» **Work required**: Exact transcription begins at the first line of the material below and ends with the line holding "QNAP TS-1635AX 12"; pictures are skipped.

» **Extracted records**:
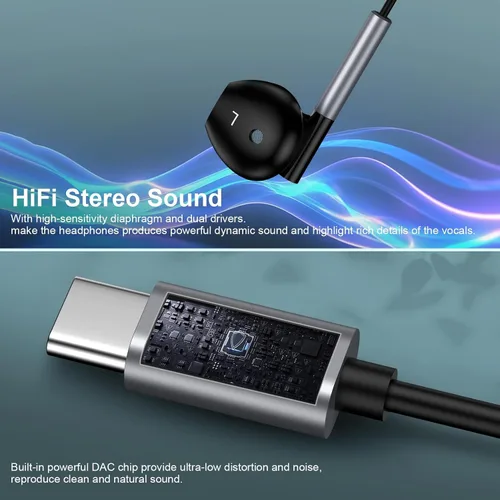Vista 5 de Auriculares USB C Samsung con cable para Samsung Galaxy S26 S25 Edge S24 Negro puro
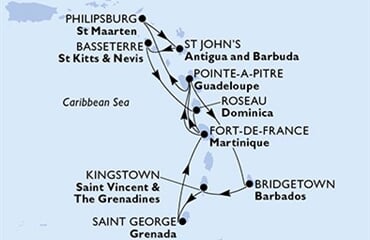 MSC World Europa - Barbados, Sv.Vincenc a Grenadiny, Grenada, Martinik, Guadeloupe, ... (Bridgetown)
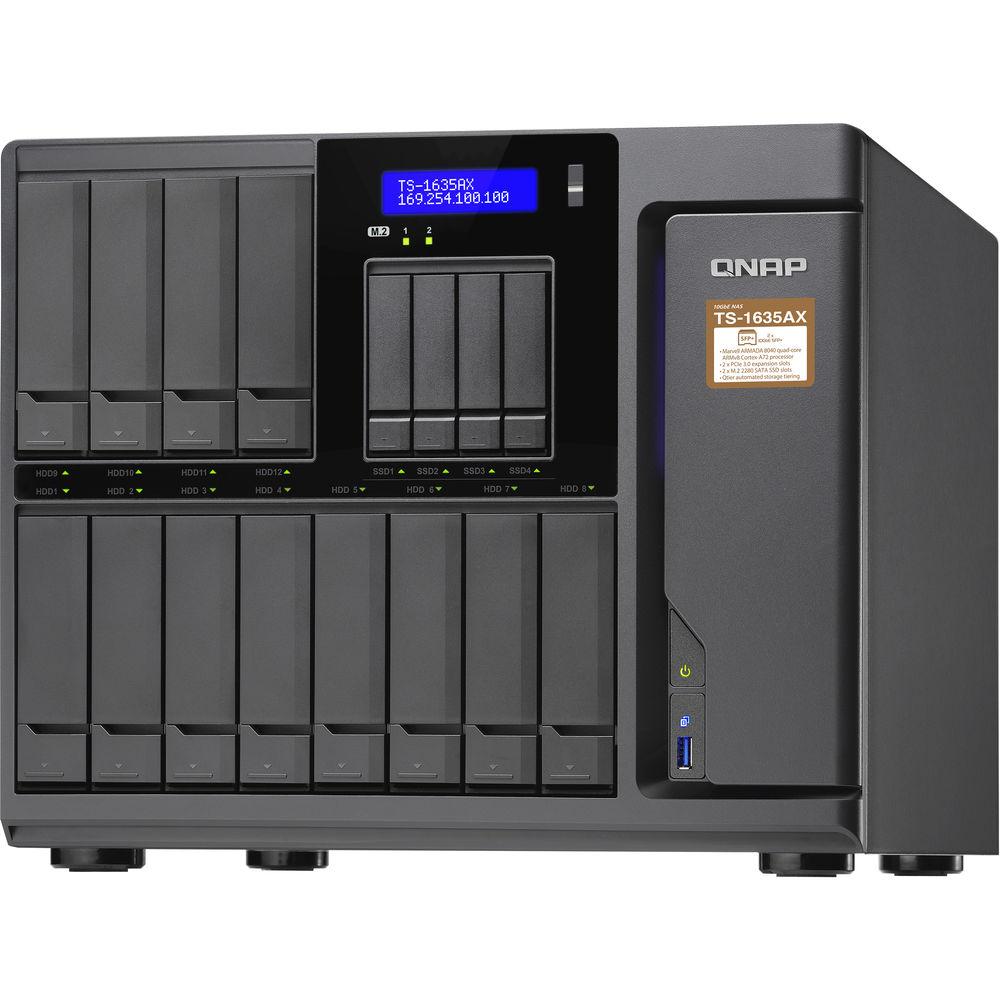 QNAP TS-1635AX 12 4 Bay 4GB DDR4 Ram Sata 6Gb S, 12X 3.5" 2.5" Bays 4X 2.5" Bays 2X M.2 2280 Sata Slots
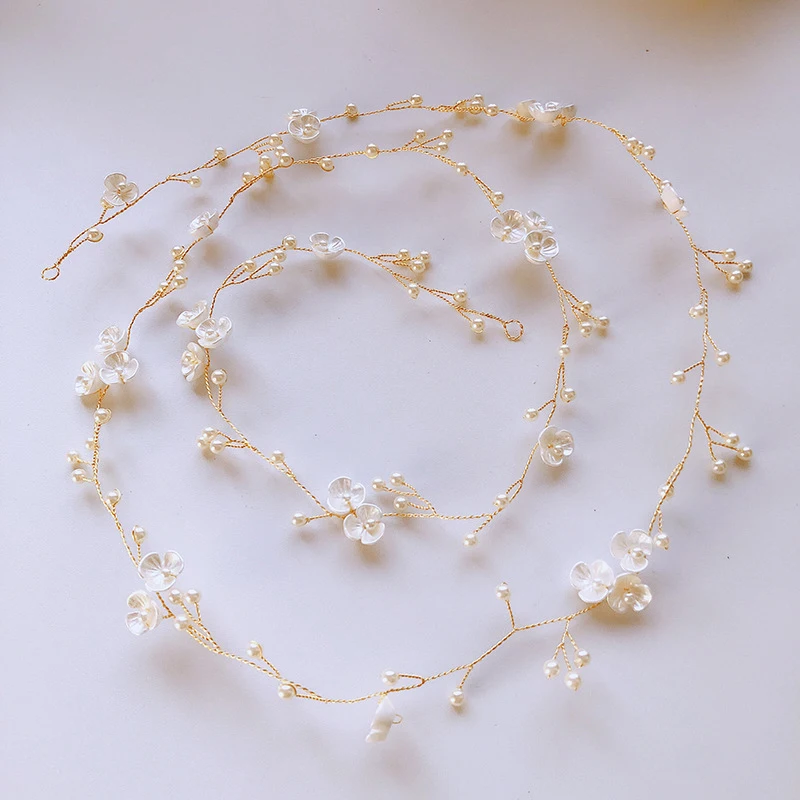 Handmade Shell Pearl Flower Bride Wedding Wedding Hairband Crystal Headband Wedding Hair Accessories Handmade Flower Pearl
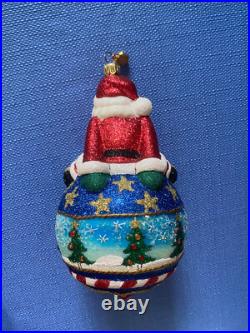 Reed & Barton Glass Christmas Ornament C2967 Santa On Ball
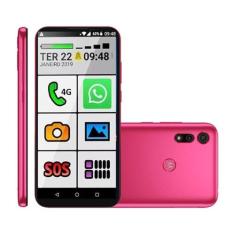 Celular Idoso Smartphone Moto E6i 32gb 2gb Ram Pink Motorola
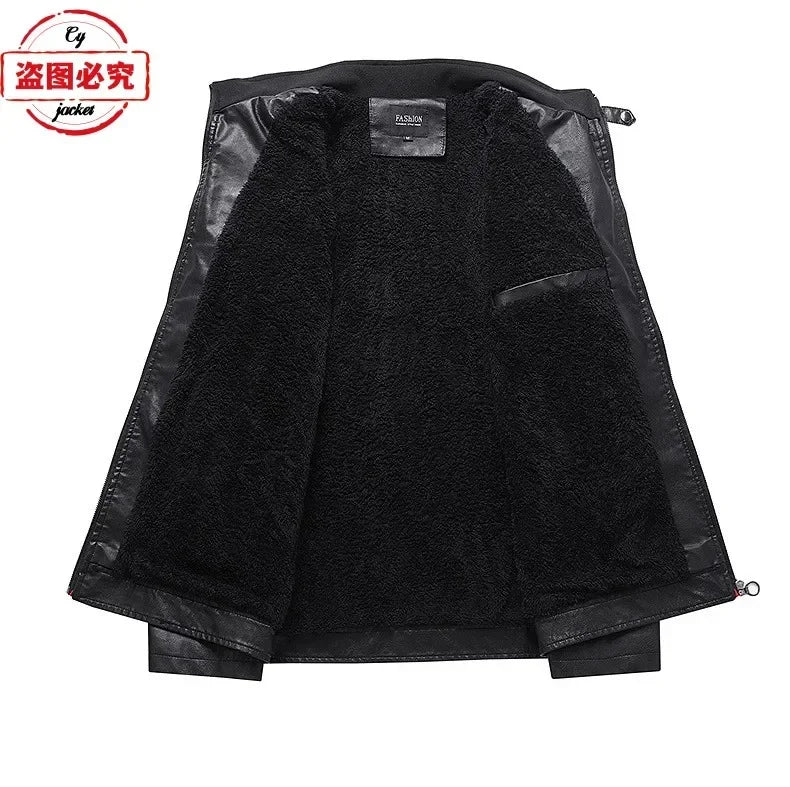 CAN-AM motorcycle LOGO retro washed pu leather jacket windproof autumn and winter men's cycling spring and autumn leather jacket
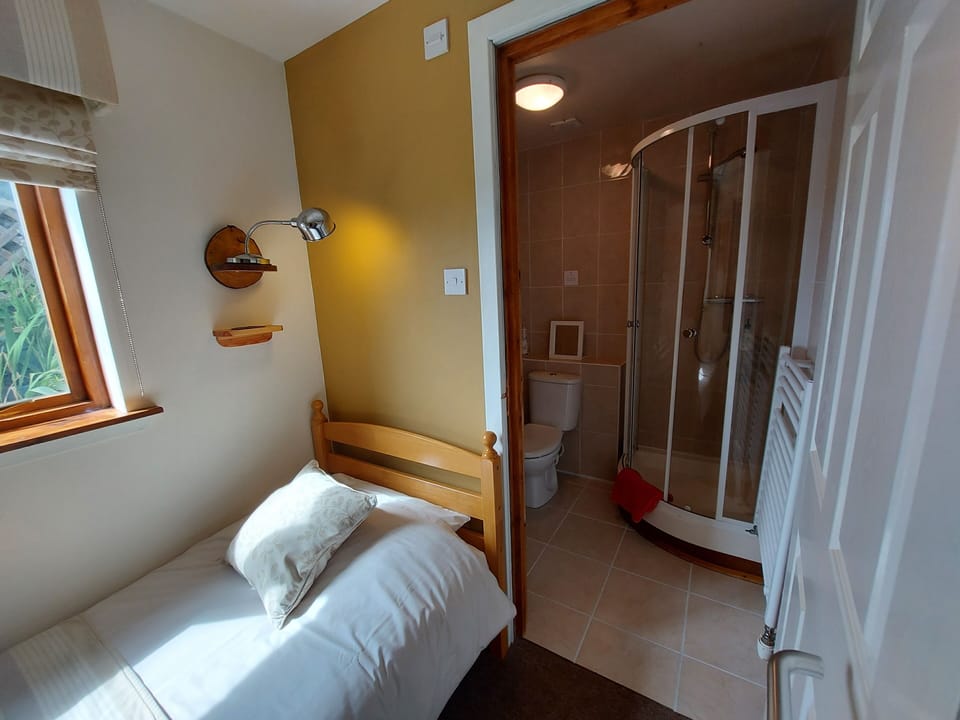 Twin Room | Bathroom | Shower, hair dryer, towels, soap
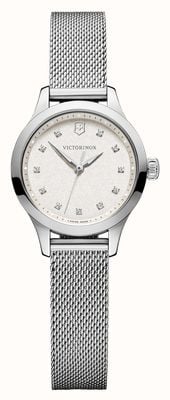 Victorinox Alliance XS (28mm) Ivory White Dial / Stainless Steel Mesh Bracelet 241878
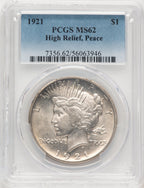 1921 Peace Dollar PCGS MS62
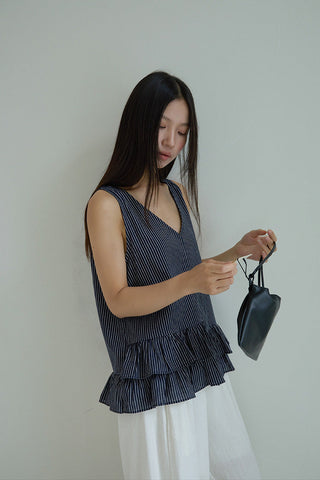 striped sleeveless Top
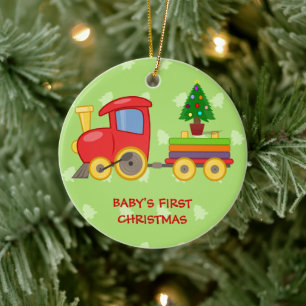 Toy Train, Baby's First Christmas Ceramic Tree Decoration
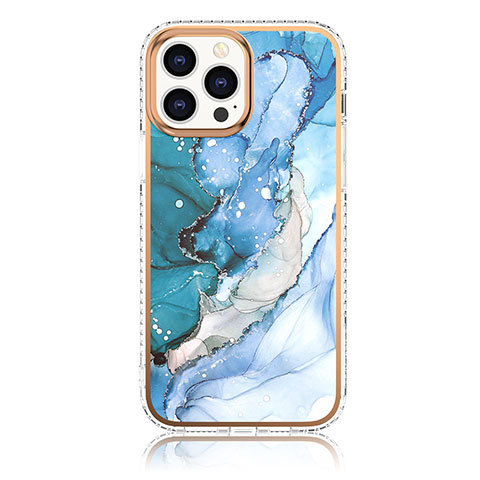 Coque Silicone Motif Fantaisie Souple Couleur Unie Etui Housse YJ1 pour Apple iPhone 13 Pro Bleu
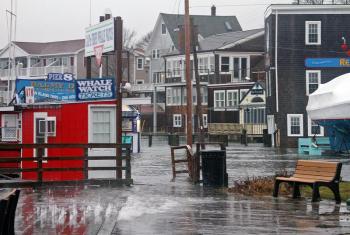 The tide came into local parking lots during the January storms. STEVE EDWARDS/Boothbay Register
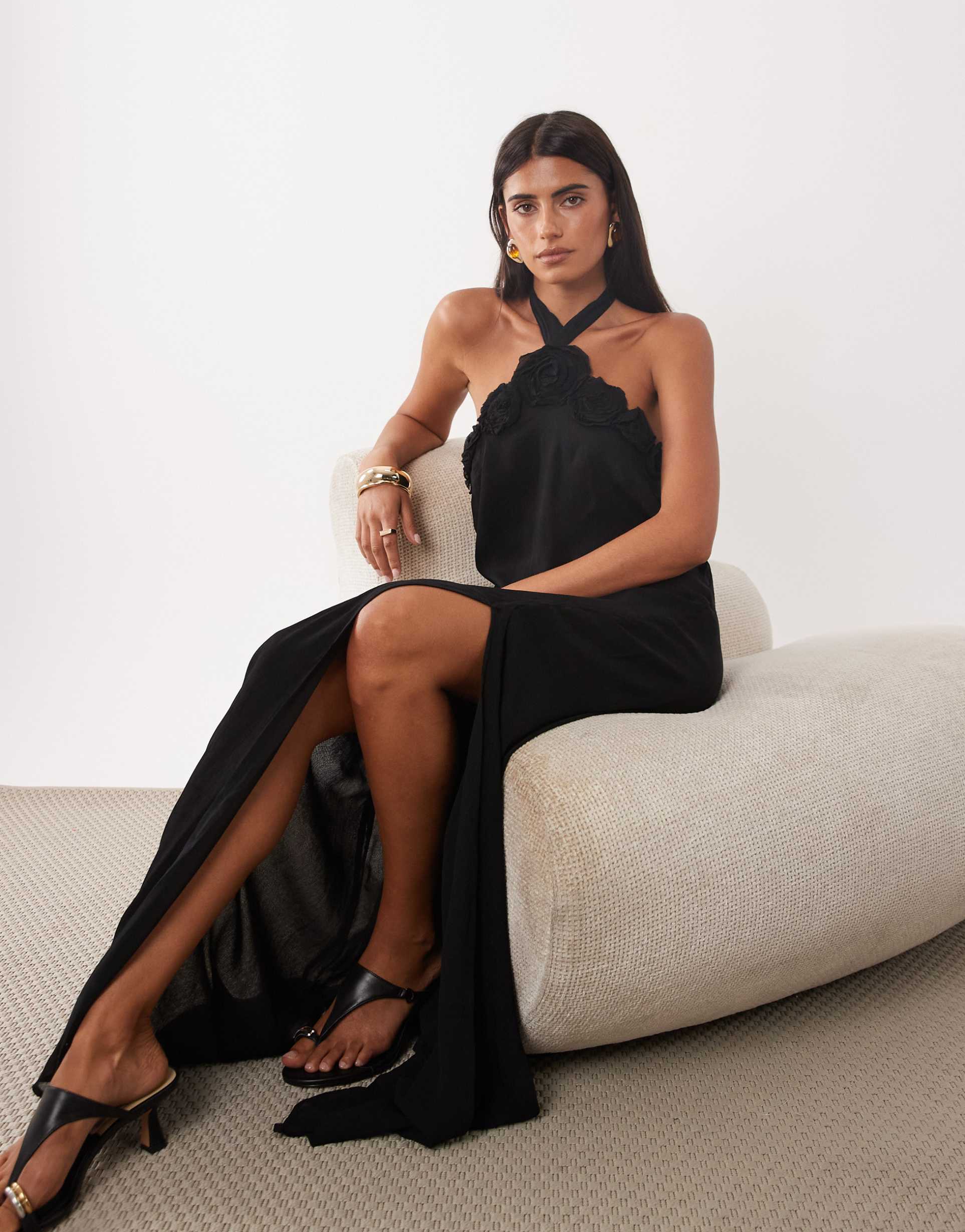 mango rose detail halterneck maxi dress in black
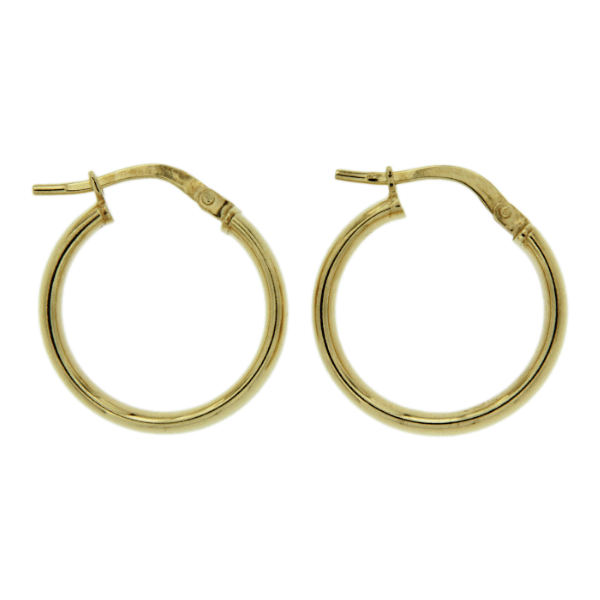 Yellow Gold 4mm 15mm High Dome Hoop Earrings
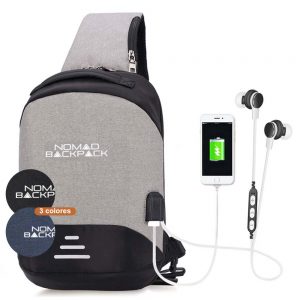 Mochila de Hombro Bandolera Impermeable Reflejante con Puertos Audífonos y Carga USB Nomad BackPack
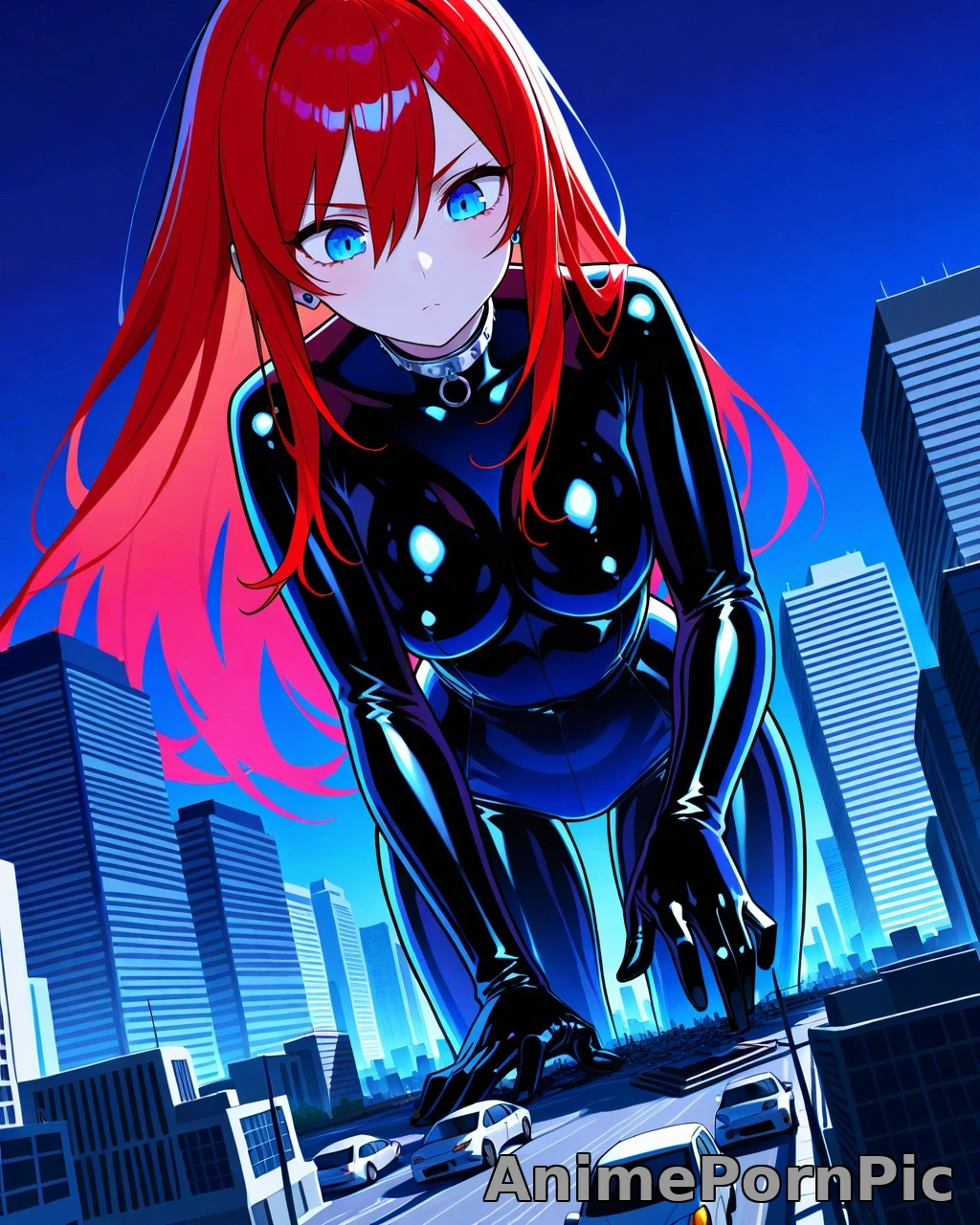 Giantess with Long Red Hair Dominates Cityscape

» **Exercise solution**:
Vista 5 de Auriculares USB C Samsung con cable para Samsung Galaxy S26 S25 Edge S24 Negro puro
 MSC World Europa - Barbados, Sv.Vincenc a Grenadiny, Grenada, Martinik, Guadeloupe, ... (Bridgetown)
 QNAP TS-1635AX 12 4 Bay 4GB DDR4 Ram Sata 6Gb S, 12X 3.5" 2.5" Bays 4X 2.5" Bays 2X M.2 2280 Sata Slots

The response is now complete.